Human society faces several developing crises in ecosystem services that are making warning lights flash on our control panel. The global economy is almost five times the size it was half a century ago and such a rapid increase has no historical precedent (Jackson, 2009). The associated increase in use of finite natural resources and management of increased land areas has led to rapid conversion of terrestrial biomes into agricultural land, plantations, wasteland and cities, with consequent loss of species and modification of ecosystem services. The Millennium Ecosystem Assessment (MEA) has identified those services that are rapidly degrading, which include freshwater, wild foods, wood fuel, soil volume and quality, genetic resources and natural hazard regulation by wetlands and mangroves (www.maweb.org). Terrestrial ecosystems provide key components of the natural capital and services that fuel much current economic growth. They probably always fulfilled this function for hunter-gatherer societies and subsequent civilisations, but never on the scale posed by current demands. Agriculture lies behind much ecosystem transformation and is a contributory factor to major environmental concerns, including loss of biodiversity, overexploitation of freshwater, soil degradation and even climate change. Yet about one in seven people are chronically malnourished (Foley et al., 2011). The amount of land dedicated to cereal production per person has been reduced from 0.23 ha in 1950 to 0.1 ha in 2007, increasing the challenge involved in feeding the growing global population. There is also growing competition between individual services as terrestrial ecosystems become more heavily exploited. Most of the Earth's surface that is suitable for arable agriculture is now utilised, and maize, rice and wheat provide over 30% of their essential daily food to more than 4.5 billion people (Shiferaw et al., 2011). However, competing demands for the use of maize, both as animal feed and for its conversion into bioethanol for fuel, have driven up prices in an alarming manner, with significant social consequences.

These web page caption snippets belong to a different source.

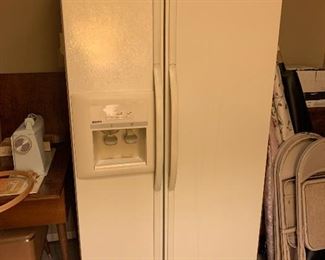 Side by side Sears Kenmore refrigerator - works perfectlly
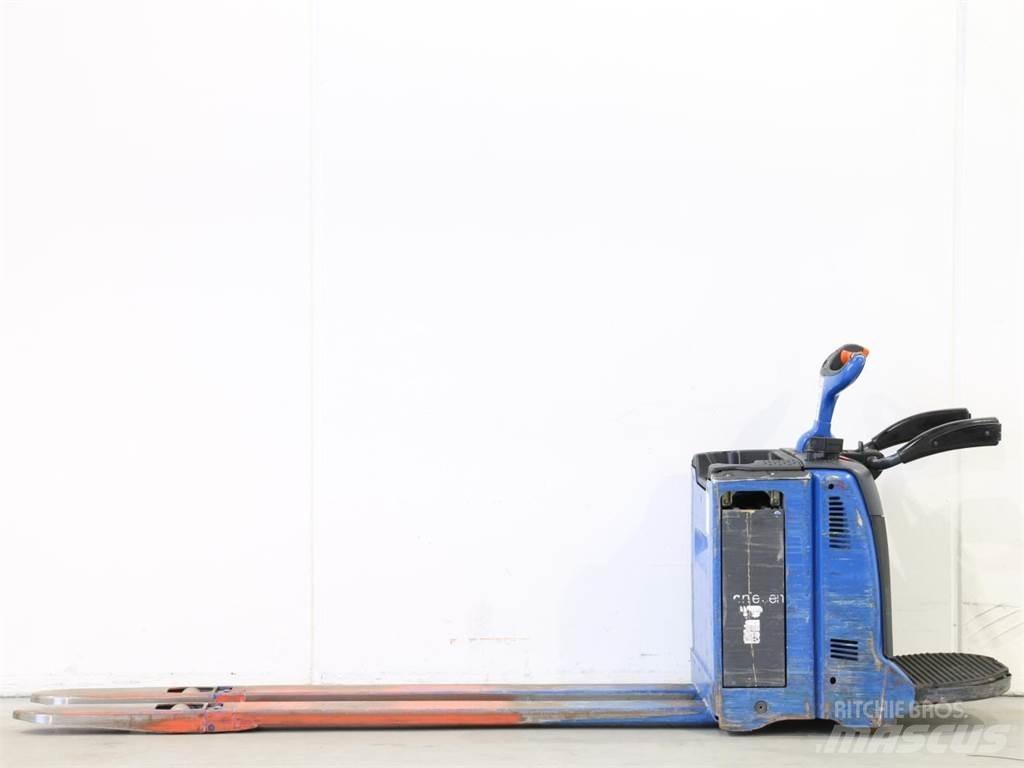 Linde T20AP/131 Empilhador para operador externo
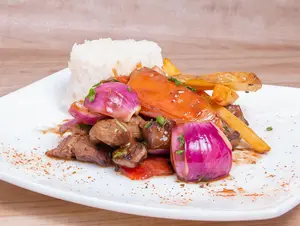Salteado de lomo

It is sobering to consider the global development of population size since AD 1750 and its consequences , which include demands on some major ecosystem services such as water use and fisheries (Figure 1.1; Steffen et al., 2004, cited in Dearing et al., 2010). No complex analysis is needed to understand that as the population curve climbs, reduction of tropical forest area, number of species extinctions and loss of sustainable fish stocks are likely to follow, along with global gross domestic product (GDP) and other economic indicators, such as the number of vehicles on the road (Figure 1.1).
c01f001
Figure 1.1 Changes in global states and processes since AD 1750—including ecosystem services, climate variables and economic data—all show acceleration in rates from the mid-twentieth century (after Steffen et al., 2004, Dearing et al., 2010 and Ehrlich et al., 2012)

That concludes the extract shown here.